> [Raw data]
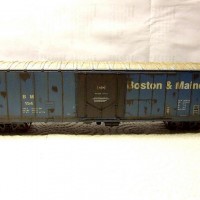 Athearn B&M 50' YSD Boxcar, weathered.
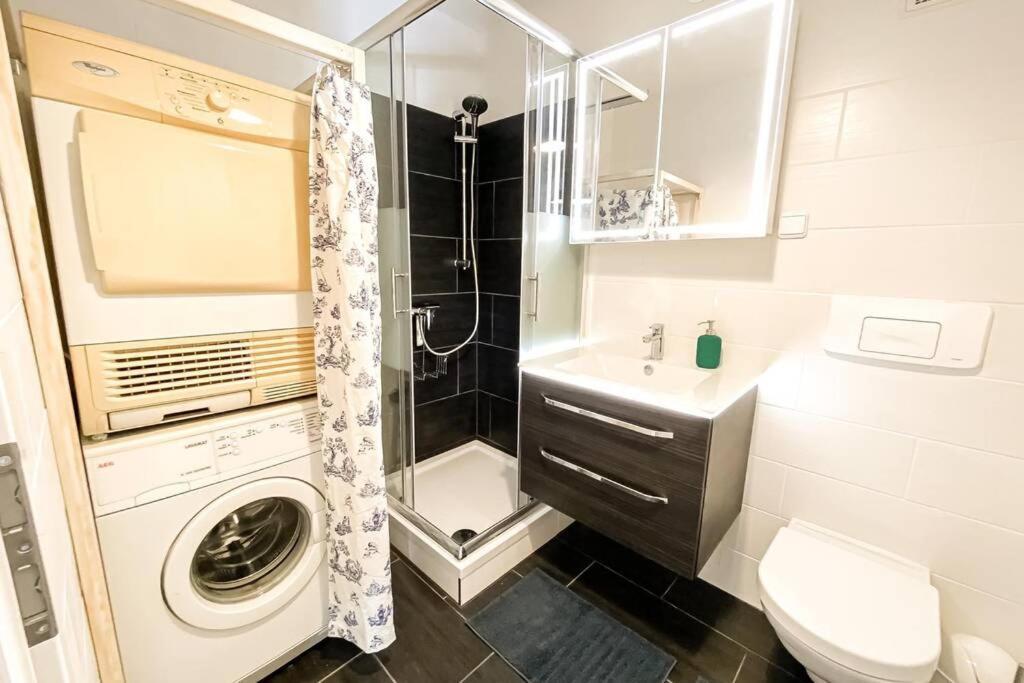 Apartment Am Auensee Mit Grosser Terrasse & Privat-Parkplatz Leipzig Eksteriør bilde
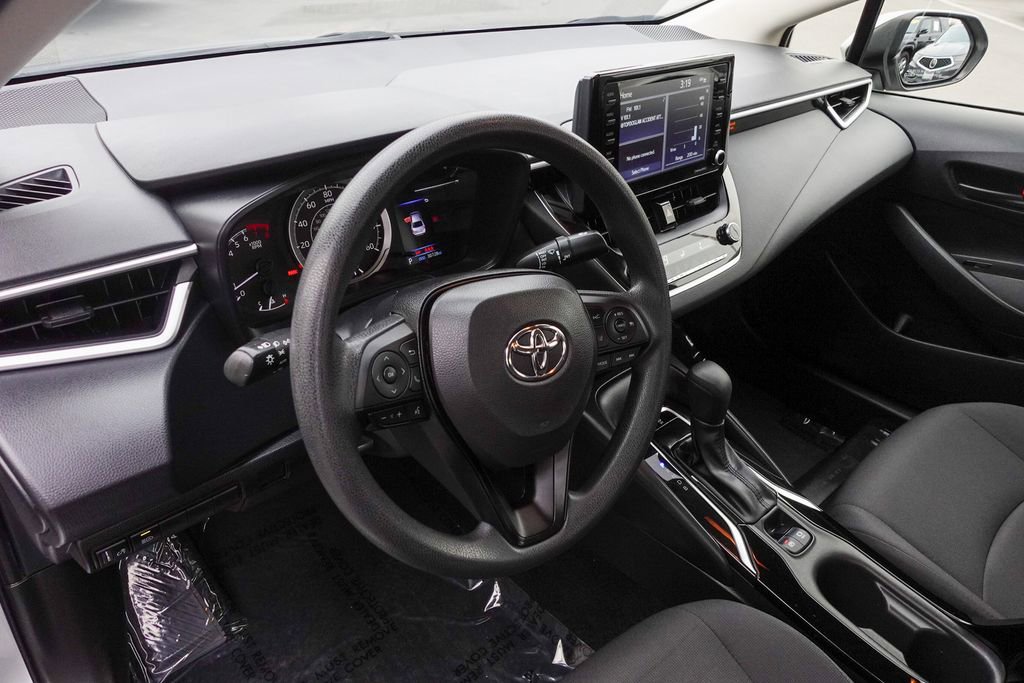 Used 2022 Toyota Corolla LE image 11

> [What to work on] From the material above, output every line exactly as written, dropping any picture.

> [Answer below]
 Athearn B&M 50' YSD Boxcar, weathered.
 Apartment Am Auensee Mit Grosser Terrasse & Privat-Parkplatz Leipzig Eksteriør bilde
 Used 2022 Toyota Corolla LE image 11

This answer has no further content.